SAN FRANCISCO—It’s not like the mobile IT business sector needs a lot of public awareness. We already know we depend on mobile devices. You can go anywhere and see people crouched over their phones—in their cars, on park benches, in restaurants, in lines at the market--even in church pews.
Look at the sheer numbers of devices being shipped. Apple said Sept. 13 it expects its new iPhones, 8 and X, to sell 85 million units next quarter. Android phones will sell more than that worldwide.
In fact, there are those (a growing number, to be sure) who contend that mobile devices eventually will be the undoing of humanity as we know it, because we often pay more attention to devices than we do to fellow human beings. There have been documented cases of smartphone addiction stress; the American Psychological Association has already cited it.
Some data points to think about:
Time Magazine’s survey from a while back paints an unmistakable portrait of a world collectively staring at a tiny display screen for hours and hours of every day. Among the evidence of our impending cybernetic future from the piece:
- 84 percent of respondents said that they could not go a single day without their cellphones.
- 50 percent of Americans sleep with their phone next to them like a teddy bear or a spouse, a number that includes more than 80 percent of 18- to 24-year-olds.
- 20 percent of respondents check their phone every 10 minutes.
GSMA Offers an Alternative Approach to Awareness
As an op-ed argument, the GSMA—parent of the Mobile World Congress—thinks that a new kind of awareness involving the industry’s mobile service providers needs to happen, and it’s willing to put some serious investment into it. In its own way, this is designed to counteract some of the issues noted above.
On Sept. 12, the international mobile IT consortium launched a new global campaign to draw attention to the “significant impact that mobile technology is having on the lives of more than 5 billion people around the world.” This so-called Case For Change campaign will travel the world in order to spotlight the work of the mobile industry to help achieve the U.N.’s Sustainable Development Goals (SDGs).
In doing so, the GSMA contends, it will connect everyone and everything to a better future.
“Operators and ecosystem players around the world are doing some amazing work to create this better future, and we need to tell those stories,” said GSMA executive Michael O’Hara. “Case For Change demonstrates the direct, positive impact that mobile operators have on the lives of billions of men, women and children around the world, on their communities, on economies, and on society as a whole.”

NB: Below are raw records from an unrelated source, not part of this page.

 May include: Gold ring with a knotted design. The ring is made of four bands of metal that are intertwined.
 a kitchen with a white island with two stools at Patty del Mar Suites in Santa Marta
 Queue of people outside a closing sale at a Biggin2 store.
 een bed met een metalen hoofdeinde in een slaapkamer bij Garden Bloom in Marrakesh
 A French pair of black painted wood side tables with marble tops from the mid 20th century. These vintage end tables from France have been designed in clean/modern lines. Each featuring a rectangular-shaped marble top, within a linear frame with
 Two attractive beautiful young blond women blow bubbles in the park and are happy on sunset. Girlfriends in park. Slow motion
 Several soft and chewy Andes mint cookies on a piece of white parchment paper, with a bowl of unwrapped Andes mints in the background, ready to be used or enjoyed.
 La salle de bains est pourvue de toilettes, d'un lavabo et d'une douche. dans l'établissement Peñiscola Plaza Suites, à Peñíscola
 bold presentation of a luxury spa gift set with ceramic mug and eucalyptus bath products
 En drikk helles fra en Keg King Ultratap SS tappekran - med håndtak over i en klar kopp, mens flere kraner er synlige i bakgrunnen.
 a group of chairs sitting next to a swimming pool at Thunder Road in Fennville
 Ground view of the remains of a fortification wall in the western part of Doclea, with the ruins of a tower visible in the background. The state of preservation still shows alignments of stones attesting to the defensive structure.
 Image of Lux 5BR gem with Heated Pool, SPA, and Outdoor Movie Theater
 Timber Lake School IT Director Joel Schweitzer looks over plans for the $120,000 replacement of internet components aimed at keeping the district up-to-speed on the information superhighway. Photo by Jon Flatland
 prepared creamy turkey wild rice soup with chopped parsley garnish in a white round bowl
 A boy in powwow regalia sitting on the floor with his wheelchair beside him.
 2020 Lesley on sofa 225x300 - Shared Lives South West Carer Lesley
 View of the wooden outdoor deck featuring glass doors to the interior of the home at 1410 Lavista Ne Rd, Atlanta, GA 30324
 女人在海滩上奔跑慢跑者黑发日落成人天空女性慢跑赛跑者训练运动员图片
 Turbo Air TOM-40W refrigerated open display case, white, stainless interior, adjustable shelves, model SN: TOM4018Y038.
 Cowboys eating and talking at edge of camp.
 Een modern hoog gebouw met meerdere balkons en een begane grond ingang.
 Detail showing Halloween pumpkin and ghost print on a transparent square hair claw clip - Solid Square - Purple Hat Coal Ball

Case for Change Team Will Travel the World
Loaded up with the latest in mobile technology–360° cameras, mobiles, laptops, drone cams and more–the GPS-tagged Case For Change team intends to travel more than 130,000 kilometers, documenting connected life stories of individuals in 18 countries on five continents.
Starting this week in the United States, the Case For Change will offer an in-depth view of how mobile is truly changing people’s lives. For example, in Boston, Erich–a low-vision marathon runner–uses connected glasses to enable him to realize his dream of competing in the Boston Marathon. In Providence, R.I., Case For Change will share how mobile technology is helping underprivileged students overcome the so-called “homework gap” to engage with learning and create brighter futures.
As it travels around the world, Case For Change also will show how mobile is delivering timely health care in Africa, providing an essential lifeline for refugees in the Middle East, and giving women financial independence in India, among many other stories. After six months on the road, the Case For Change will end its journey in February 2018 at Mobile World Congress in Barcelona.
One can bet we'll see this documentary on television at a date to be determined.
'Brings Stakeholders Together'
“Beyond showcasing the tremendous power of mobile, the Case For Change serves as an opportunity to bring a wide range of stakeholders together in addressing the U.N.’s sustainable goals,” O’Hara said. “This is not something that we can accomplish alone as individuals, as companies, even as an industry; we must work together, united, to make the 2030 agenda a reality.”
You can follow the #CaseForChange on social media: @CaseForChange on Twitter and CaseForChange on Facebook, Instagram and YouTube. Full information on the Case for Change campaign can be found here.
This is all well and good. But not once in the Case for Change literature does it say anything about how to get people talking in person, other than on a device. That also should be one of the U.N.’s “sustainable” goals.
How else will we sustain our society if we continue to look down at devices and not into the eyes of our fellow man?